**Exercise requirements**
Look below for the line that contains "셀린느 로고 패치 리브 울 후드 집업 니트 아우터 상세 이미지 31", then copy it and each following line exactly, through and including the line that contains "Карданный вал ИЖ Ода 2126".

**Records supplied**
━━━━
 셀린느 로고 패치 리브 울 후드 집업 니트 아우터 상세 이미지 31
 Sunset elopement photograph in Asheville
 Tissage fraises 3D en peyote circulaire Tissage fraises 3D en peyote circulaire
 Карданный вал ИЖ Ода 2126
━━━━
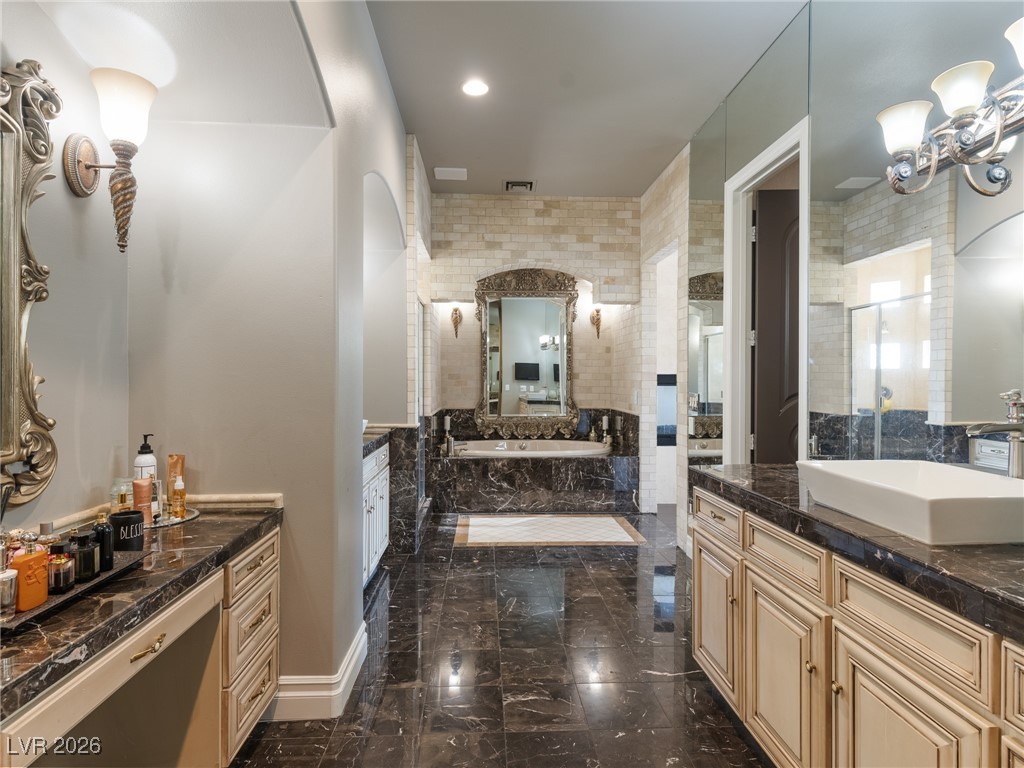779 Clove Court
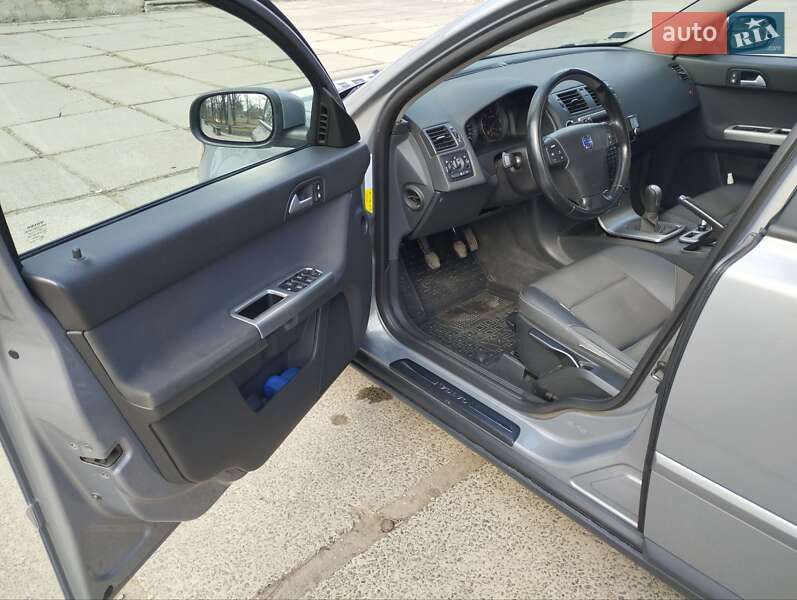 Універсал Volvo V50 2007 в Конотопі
━━━━
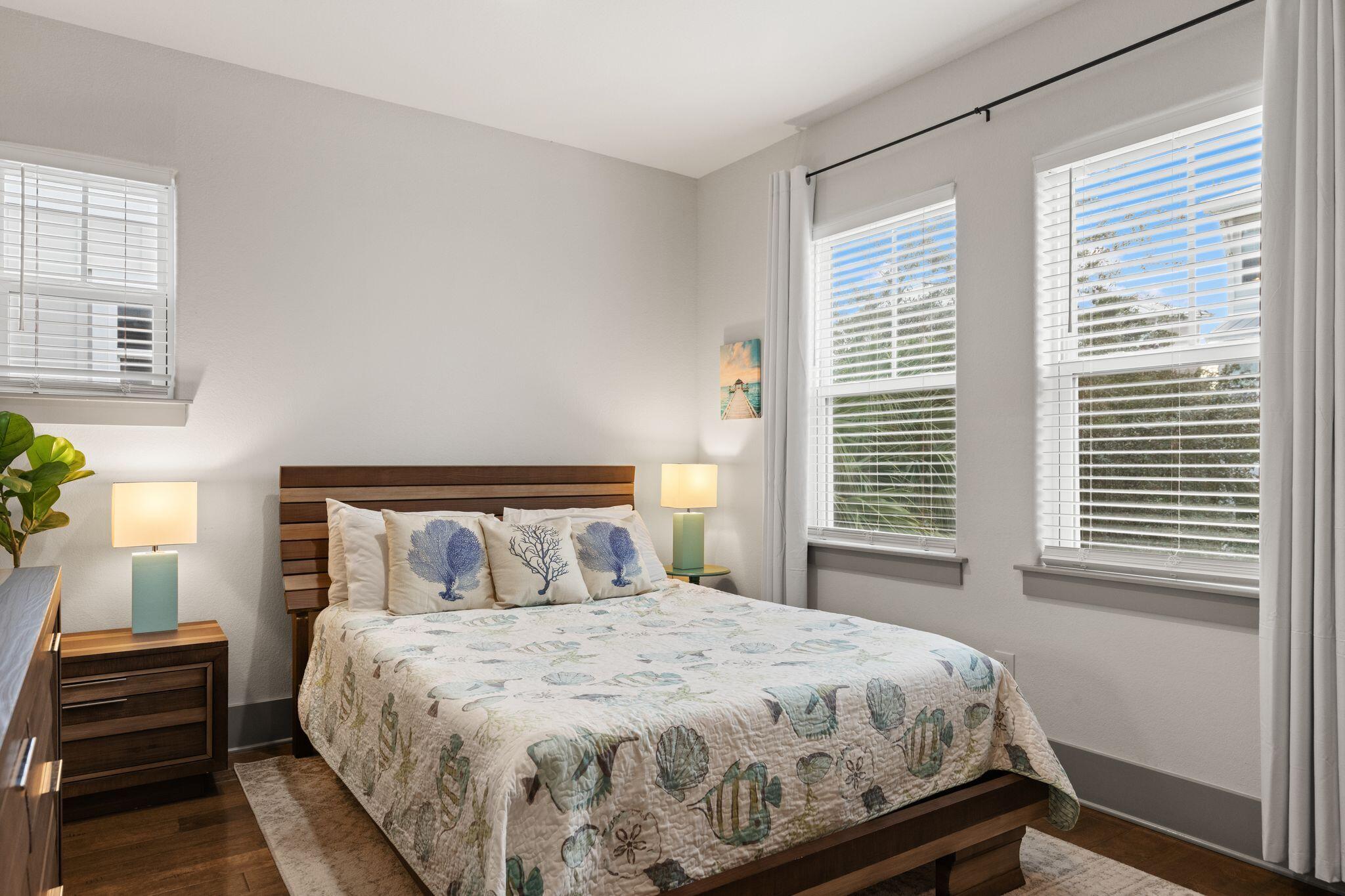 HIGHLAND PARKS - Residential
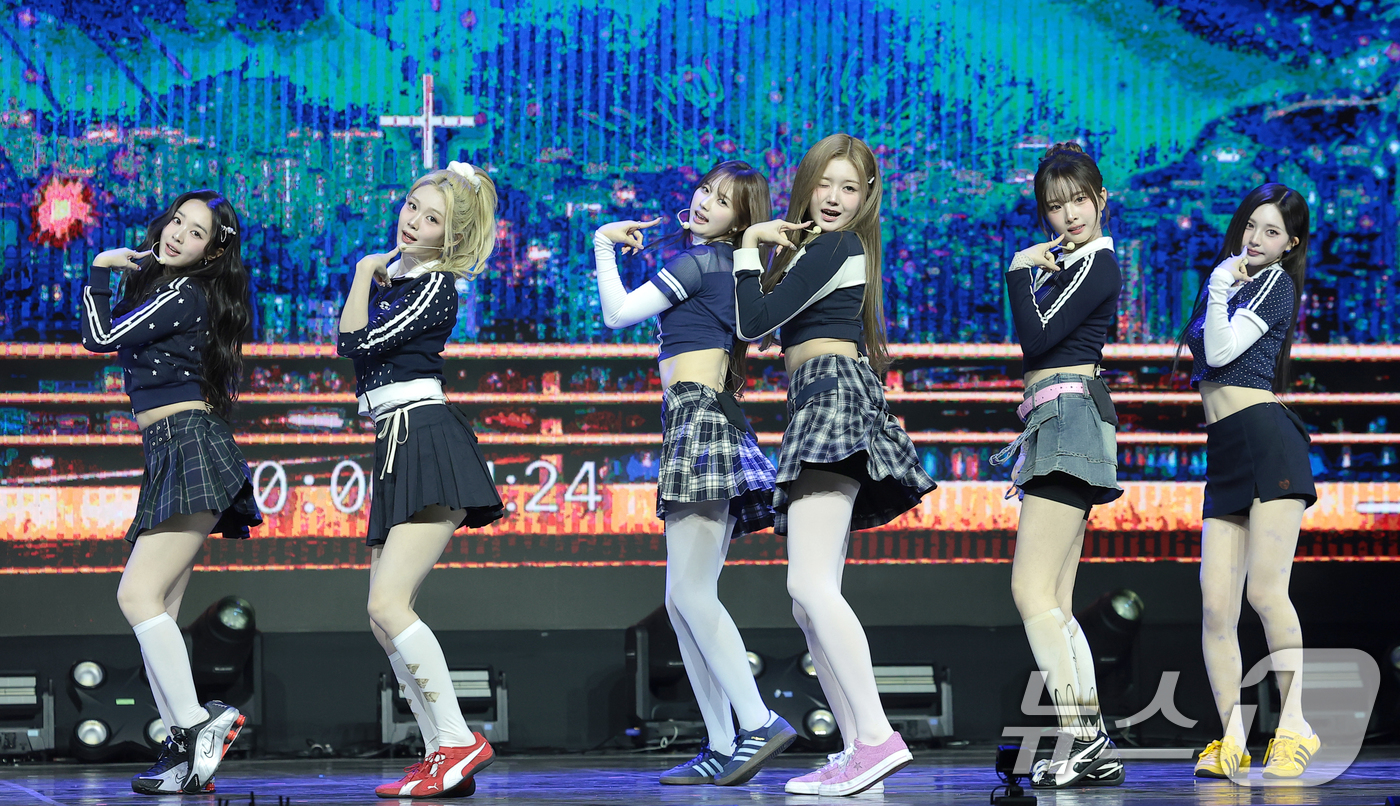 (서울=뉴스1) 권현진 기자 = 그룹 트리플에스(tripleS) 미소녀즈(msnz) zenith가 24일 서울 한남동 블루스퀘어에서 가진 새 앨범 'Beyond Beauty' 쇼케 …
━━━━
**Written answer**
 셀린느 로고 패치 리브 울 후드 집업 니트 아우터 상세 이미지 31
 Sunset elopement photograph in Asheville
 Tissage fraises 3D en peyote circulaire Tissage fraises 3D en peyote circulaire
 Карданный вал ИЖ Ода 2126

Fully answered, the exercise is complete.